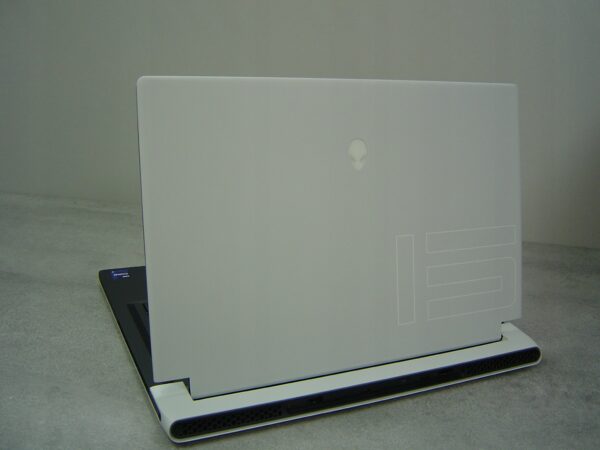 Alienware x15 R2 i9-12900H 32GB 2TB RTX 3070Ti QHD - obrazek 10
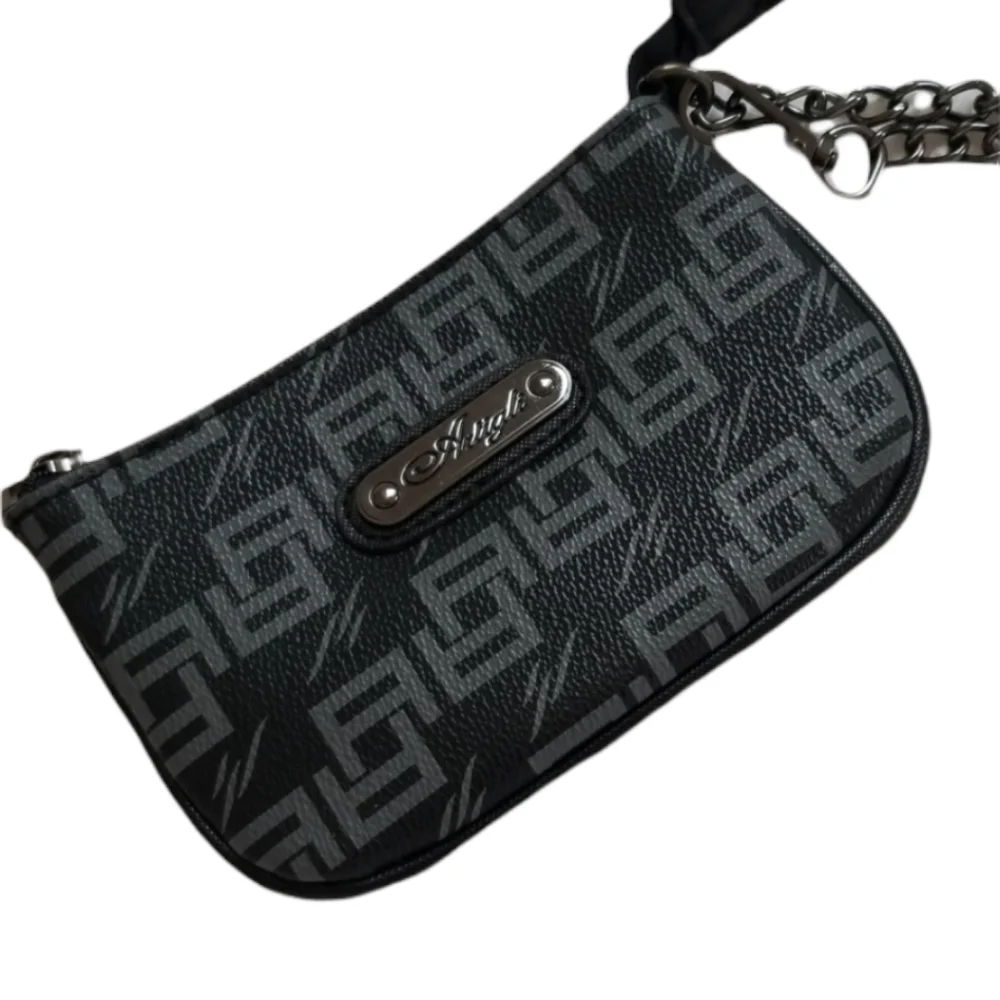 Artigli black gray Wristlet with chain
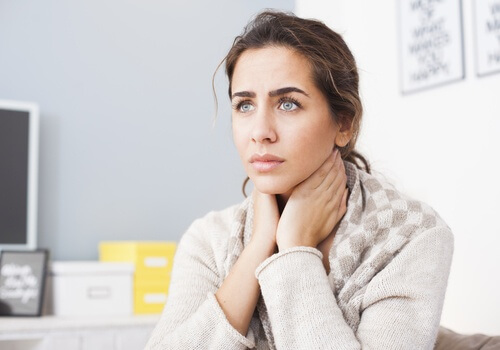 Donna con dolore al collo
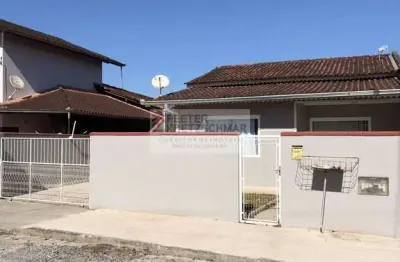 Casa com 2 quartos à venda no Morro do Meio, Joinville 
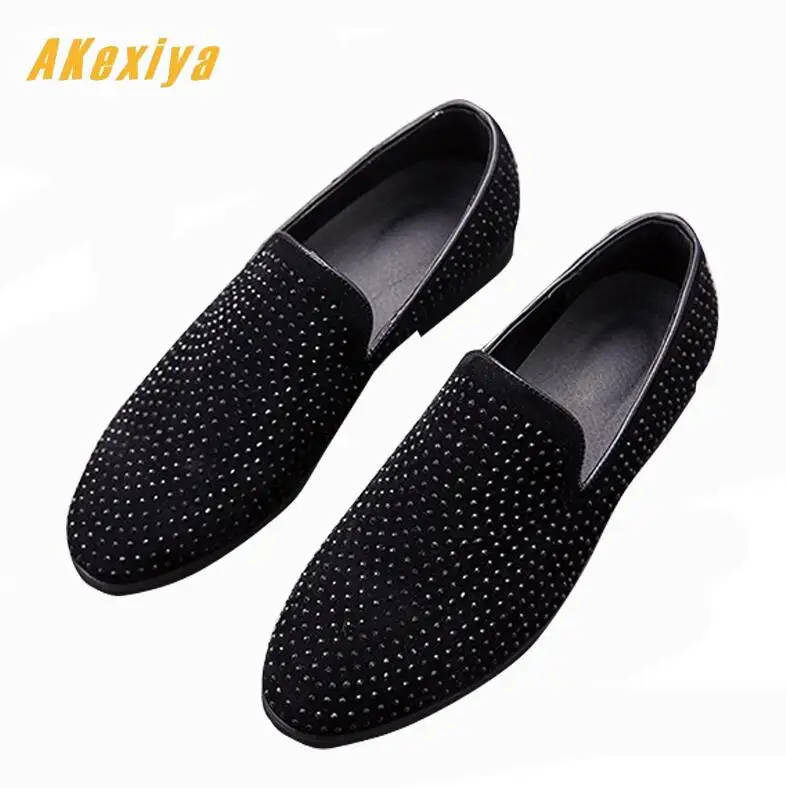 Мужские туфли оксфорды с острым носком и блестящими стразами в британском стиле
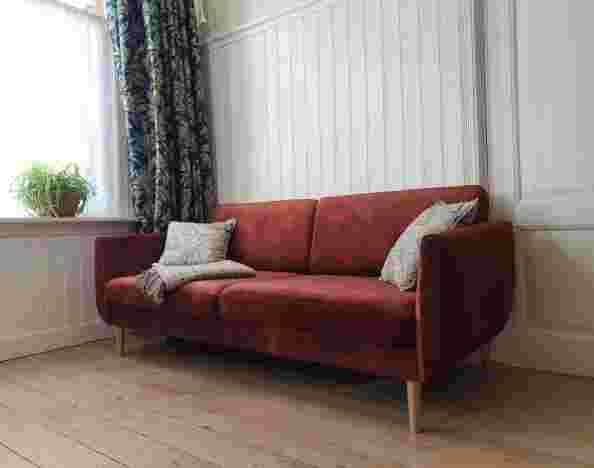 Sofa in JF Vintage Velvet Umber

....

» What to work on
Repeat each line of the listing word for word, from the first through the line that contains "Мужские туфли оксфорды". Any picture stays out.

» Task response
 Alienware x15 R2 i9-12900H 32GB 2TB RTX 3070Ti QHD - obrazek 10
 Artigli black gray Wristlet with chain
 Donna con dolore al collo
 Casa com 2 quartos à venda no Morro do Meio, Joinville 
 Мужские туфли оксфорды с острым носком и блестящими стразами в британском стиле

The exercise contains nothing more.